Task prompt:
Can you transcribe every entry word for word, skipping the images?

(Data entries)
--- START ---

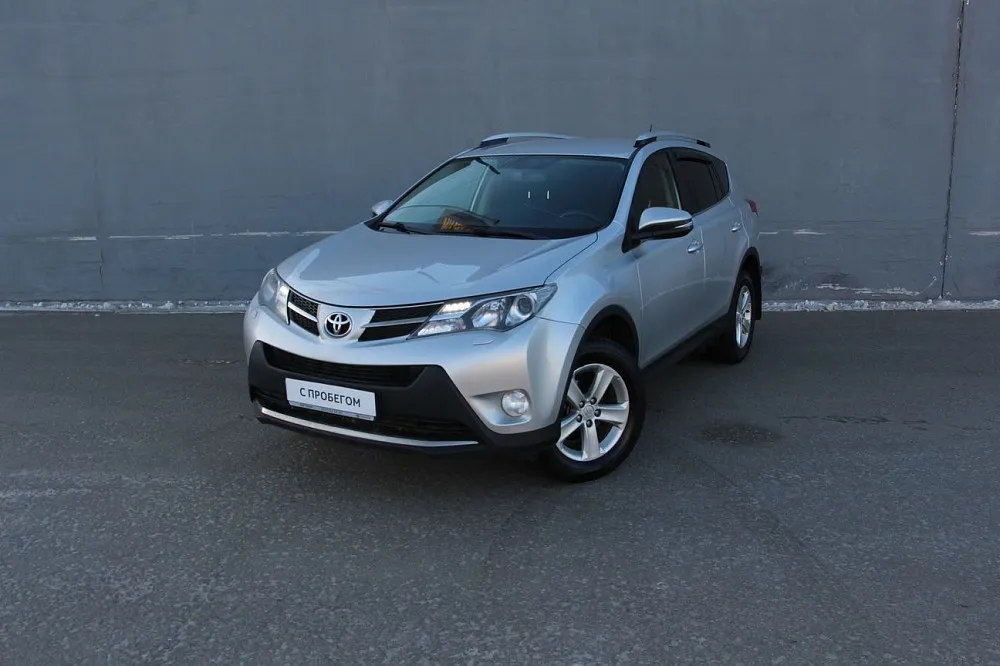 Toyota RAV4 Image 1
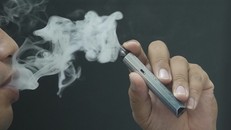 Sản phẩm thuốc lá điện tử và thuốc lá nung nóng được đưa vào Việt Nam chủ yếu qua đường nhập lậu, xách tay… và được đưa được tới tay người tiêu dùng qua các kênh không chính thức và được quảng bá, bán hàng tràn lan trên các trang mạng xã hội. 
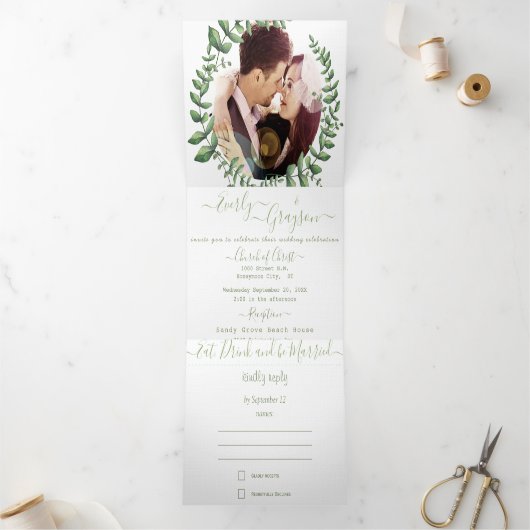Boho Green Leaf Olive Green Ash Wreath Wedding Drieluik Uitnodiging (Binnen)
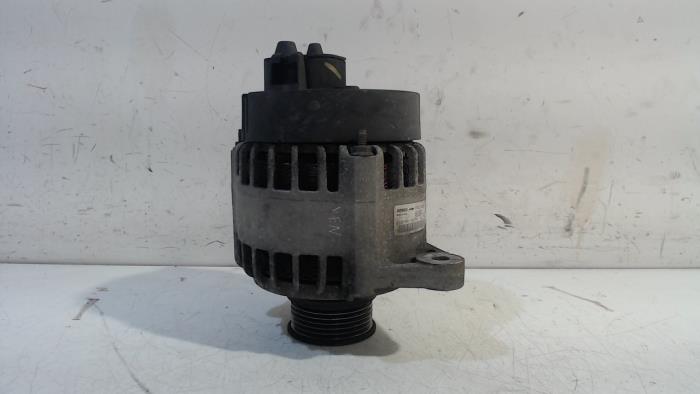 Dynamo van een Lancia Thesis 2003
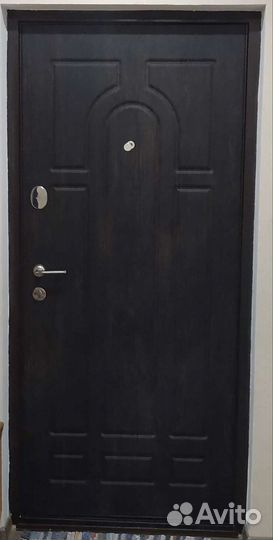 Дверь входная металлическая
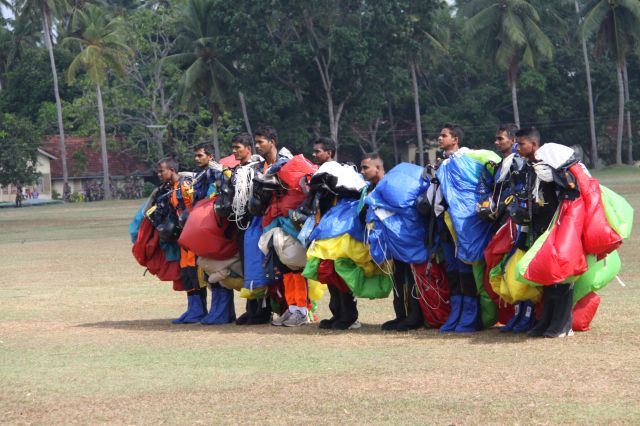 பிரமாண்டமான பரிசூட் பயிற்ச்சி நிறைவு விழா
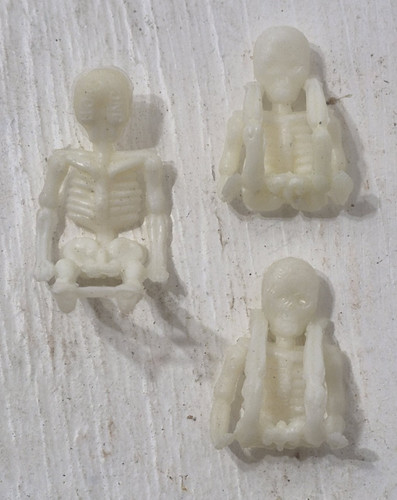 Lot 3 Vintage Plastic Vending Machine Gumball Toys Prizes Skeleton Bones Corpse
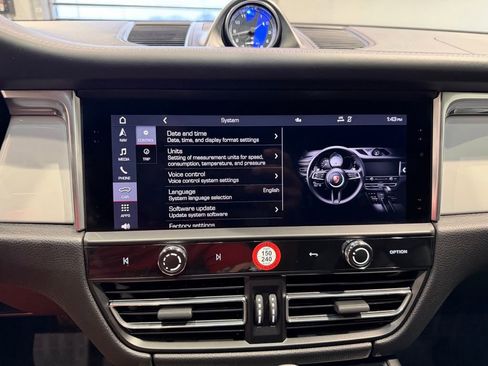 Used 2024 Porsche Macan AWD/4WD image 19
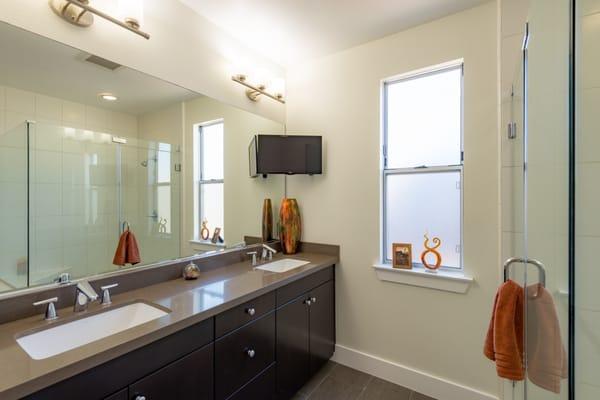 AVSD - LG 24" Designed for smaller spaces, this TV has amazing 700p HD quality. Small luxury is still luxury.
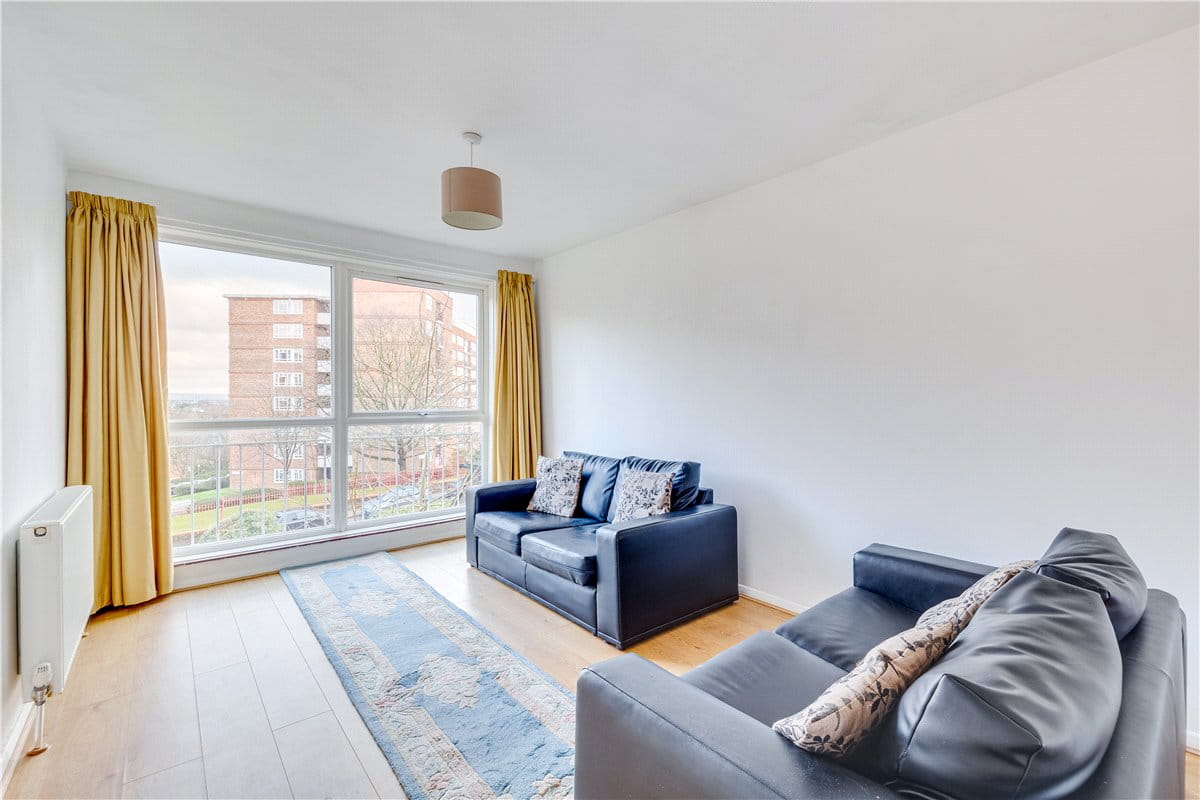 2 bedroom flat, Albert Drive, London SW19 - Sold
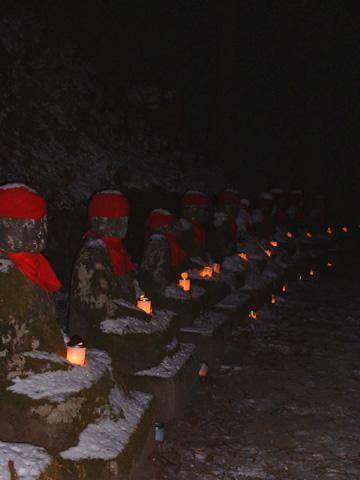 美しい星空と暖かいキャンドルの灯り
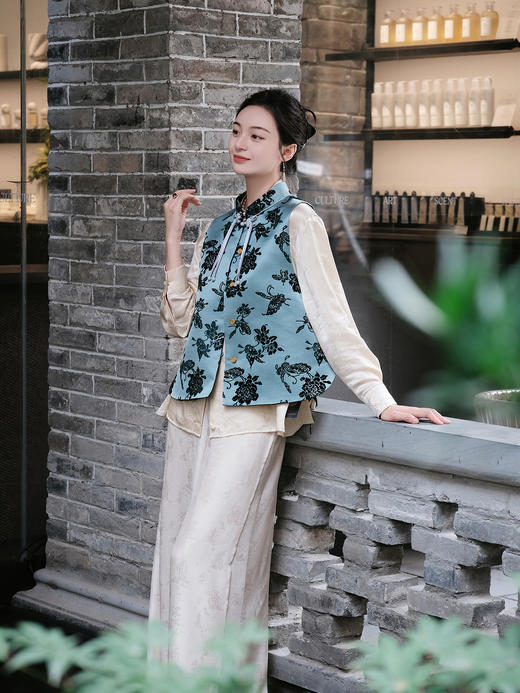 盛唐牡丹| 蝶恋花漳缎双面穿蝴蝶扣马甲 商品图1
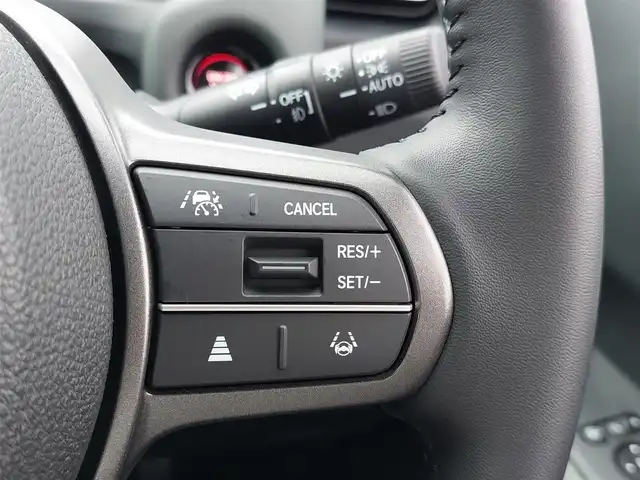 ホンダ フリード クロスター 東京都 2024(令6)年 0.6万km クリスタルブラックパール Honda SENSING/・衝突軽減ブレーキ/・誤発進抑制機能/・路外逸脱抑制機能/・アダプティブクルーズコントロール/・車線維持支援システム/・先行車発進お知らせ機能/・ブラインドスポットインフォメーション/・コーナーセンサー/プッシュスタート/純正ナビ/フルセグTV/バックカメラ/両側パワースライドドア/ハーフレザーシート/シートヒーター/後席ロールサンシェード/ルーフレール/LEDヘッドライト/オートライト/ドアバイザー/15インチ純正アルミホイール/スマートキー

--- END ---

Answer to this problem:
 Toyota RAV4 Image 1
 Sản phẩm thuốc lá điện tử và thuốc lá nung nóng được đưa vào Việt Nam chủ yếu qua đường nhập lậu, xách tay… và được đưa được tới tay người tiêu dùng qua các kênh không chính thức và được quảng bá, bán hàng tràn lan trên các trang mạng xã hội. 
Boho Green Leaf Olive Green Ash Wreath Wedding Drieluik Uitnodiging (Binnen)
 Dynamo van een Lancia Thesis 2003
 Дверь входная металлическая
 பிரமாண்டமான பரிசூட் பயிற்ச்சி நிறைவு விழா
 Lot 3 Vintage Plastic Vending Machine Gumball Toys Prizes Skeleton Bones Corpse
 Used 2024 Porsche Macan AWD/4WD image 19
 AVSD - LG 24" Designed for smaller spaces, this TV has amazing 700p HD quality. Small luxury is still luxury.
 2 bedroom flat, Albert Drive, London SW19 - Sold
 美しい星空と暖かいキャンドルの灯り
 盛唐牡丹| 蝶恋花漳缎双面穿蝴蝶扣马甲 商品图1
 ホンダ フリード クロスター 東京都 2024(令6)年 0.6万km クリスタルブラックパール Honda SENSING/・衝突軽減ブレーキ/・誤発進抑制機能/・路外逸脱抑制機能/・アダプティブクルーズコントロール/・車線維持支援システム/・先行車発進お知らせ機能/・ブラインドスポットインフォメーション/・コーナーセンサー/プッシュスタート/純正ナビ/フルセグTV/バックカメラ/両側パワースライドドア/ハーフレザーシート/シートヒーター/後席ロールサンシェード/ルーフレール/LEDヘッドライト/オートライト/ドアバイザー/15インチ純正アルミホイール/スマートキー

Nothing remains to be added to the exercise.